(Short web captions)
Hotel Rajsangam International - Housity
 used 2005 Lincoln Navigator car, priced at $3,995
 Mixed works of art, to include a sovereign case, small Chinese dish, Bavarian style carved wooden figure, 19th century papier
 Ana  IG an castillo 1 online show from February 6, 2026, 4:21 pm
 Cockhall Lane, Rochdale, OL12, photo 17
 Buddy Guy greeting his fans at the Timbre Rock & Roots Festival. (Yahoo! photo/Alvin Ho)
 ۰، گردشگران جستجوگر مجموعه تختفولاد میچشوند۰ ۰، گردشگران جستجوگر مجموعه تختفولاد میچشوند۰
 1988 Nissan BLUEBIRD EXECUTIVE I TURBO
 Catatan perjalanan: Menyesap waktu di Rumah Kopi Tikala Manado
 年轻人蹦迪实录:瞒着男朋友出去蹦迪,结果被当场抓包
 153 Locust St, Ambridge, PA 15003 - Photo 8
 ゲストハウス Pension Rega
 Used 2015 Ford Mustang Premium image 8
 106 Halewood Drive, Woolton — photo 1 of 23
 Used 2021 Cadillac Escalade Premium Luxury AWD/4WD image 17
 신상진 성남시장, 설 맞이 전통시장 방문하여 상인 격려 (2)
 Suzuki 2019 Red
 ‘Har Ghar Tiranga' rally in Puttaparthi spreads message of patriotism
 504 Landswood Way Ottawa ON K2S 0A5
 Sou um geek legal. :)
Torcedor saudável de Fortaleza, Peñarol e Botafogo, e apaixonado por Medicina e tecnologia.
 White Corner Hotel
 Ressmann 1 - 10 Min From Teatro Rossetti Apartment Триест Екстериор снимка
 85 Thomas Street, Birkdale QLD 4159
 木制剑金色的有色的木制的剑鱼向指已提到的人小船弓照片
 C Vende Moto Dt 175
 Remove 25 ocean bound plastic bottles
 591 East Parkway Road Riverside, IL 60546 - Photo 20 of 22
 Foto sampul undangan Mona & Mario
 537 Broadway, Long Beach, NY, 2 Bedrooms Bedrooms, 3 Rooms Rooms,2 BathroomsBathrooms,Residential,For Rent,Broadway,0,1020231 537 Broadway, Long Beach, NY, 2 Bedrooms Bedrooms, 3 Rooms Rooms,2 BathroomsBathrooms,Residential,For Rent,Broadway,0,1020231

■ What to work on
Of the lines above, output exactly those from the line bearing "used 2005 Lincoln" through the line bearing "White Corner Hotel", inclusive.

■ Your response
 used 2005 Lincoln Navigator car, priced at $3,995
 Mixed works of art, to include a sovereign case, small Chinese dish, Bavarian style carved wooden figure, 19th century papier
 Ana  IG an castillo 1 online show from February 6, 2026, 4:21 pm
 Cockhall Lane, Rochdale, OL12, photo 17
 Buddy Guy greeting his fans at the Timbre Rock & Roots Festival. (Yahoo! photo/Alvin Ho)
 ۰، گردشگران جستجوگر مجموعه تختفولاد میچشوند۰ ۰، گردشگران جستجوگر مجموعه تختفولاد میچشوند۰
 1988 Nissan BLUEBIRD EXECUTIVE I TURBO
 Catatan perjalanan: Menyesap waktu di Rumah Kopi Tikala Manado
 年轻人蹦迪实录:瞒着男朋友出去蹦迪,结果被当场抓包
 153 Locust St, Ambridge, PA 15003 - Photo 8
 ゲストハウス Pension Rega
 Used 2015 Ford Mustang Premium image 8
 106 Halewood Drive, Woolton — photo 1 of 23
 Used 2021 Cadillac Escalade Premium Luxury AWD/4WD image 17
 신상진 성남시장, 설 맞이 전통시장 방문하여 상인 격려 (2)
 Suzuki 2019 Red
 ‘Har Ghar Tiranga' rally in Puttaparthi spreads message of patriotism
 504 Landswood Way Ottawa ON K2S 0A5
 Sou um geek legal. :)
Torcedor saudável de Fortaleza, Peñarol e Botafogo, e apaixonado por Medicina e tecnologia.
 White Corner Hotel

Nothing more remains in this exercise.